-------- Recorded data

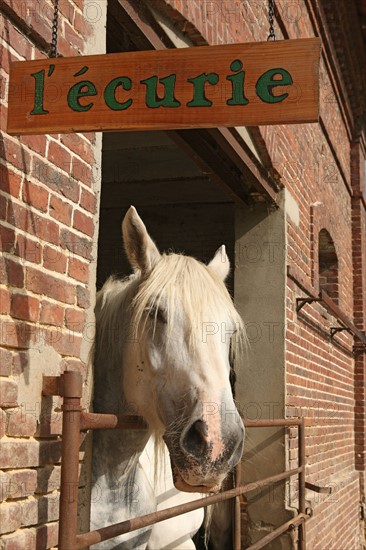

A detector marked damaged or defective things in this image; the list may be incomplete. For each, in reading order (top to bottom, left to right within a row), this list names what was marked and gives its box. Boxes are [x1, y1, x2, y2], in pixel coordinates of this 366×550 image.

rusty metal bar [58, 370, 82, 550]
rusty metal bar [80, 412, 147, 434]
rusty metal bar [75, 468, 304, 548]
rusty metal bar [244, 512, 308, 550]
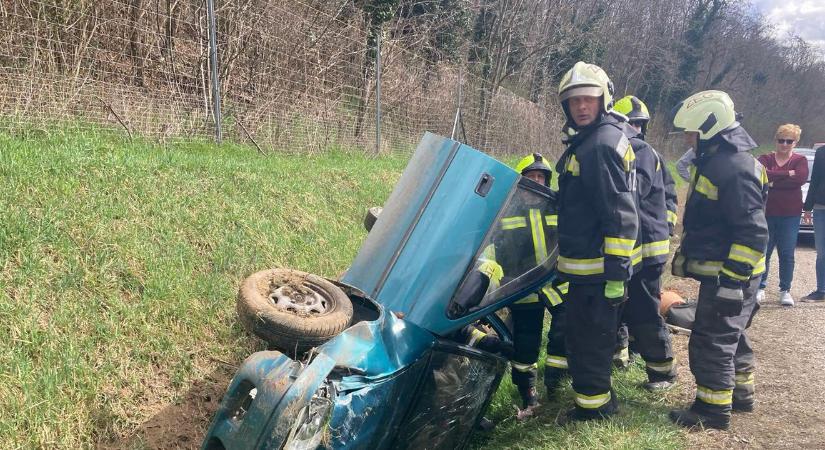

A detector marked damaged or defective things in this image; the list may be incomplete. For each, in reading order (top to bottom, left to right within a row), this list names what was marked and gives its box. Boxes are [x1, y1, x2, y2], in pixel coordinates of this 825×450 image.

exposed wheel [238, 268, 354, 354]
crumpled car body [202, 134, 556, 450]
overturned blue car [202, 134, 556, 450]
damaged car frame [201, 134, 560, 450]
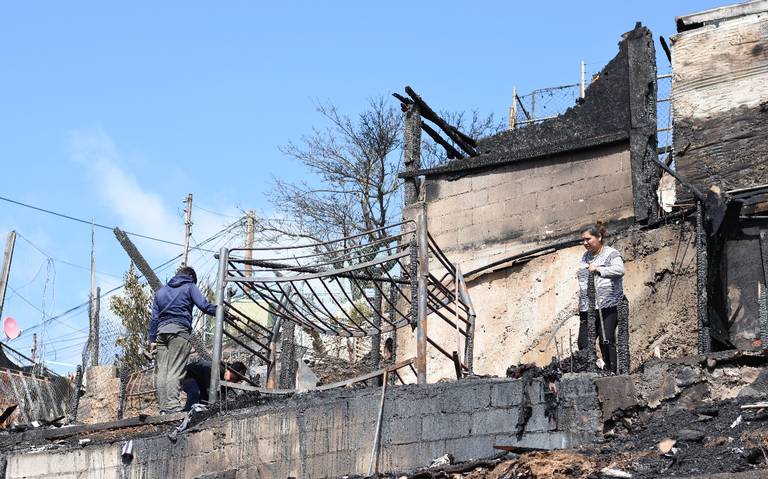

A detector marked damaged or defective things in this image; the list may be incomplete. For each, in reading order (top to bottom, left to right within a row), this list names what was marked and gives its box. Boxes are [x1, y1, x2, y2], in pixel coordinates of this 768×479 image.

burned wooden beam [404, 84, 476, 156]
charred wood plank [404, 84, 476, 156]
burned wooden beam [112, 229, 163, 292]
bent metal frame [207, 212, 476, 404]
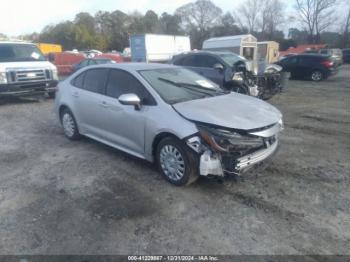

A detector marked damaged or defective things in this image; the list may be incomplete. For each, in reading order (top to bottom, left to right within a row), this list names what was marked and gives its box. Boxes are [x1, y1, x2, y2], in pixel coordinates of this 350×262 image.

crumpled hood [174, 93, 284, 131]
broken headlight [197, 125, 262, 152]
front-end damage [186, 121, 282, 178]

----------------

→ **The task**: Which lines run from the one containing "this 350×262 image." to the end of the entries above? Print them exactly, both ends included, and nothing else.

→ **Answer area**:
A detector marked damaged or defective things in this image; the list may be incomplete. For each, in reading order (top to bottom, left to right within a row), this list names what was marked and gives its box. Boxes are [x1, y1, x2, y2], in pixel coordinates of this 350×262 image.

crumpled hood [174, 93, 284, 131]
broken headlight [197, 125, 262, 152]
front-end damage [186, 121, 282, 178]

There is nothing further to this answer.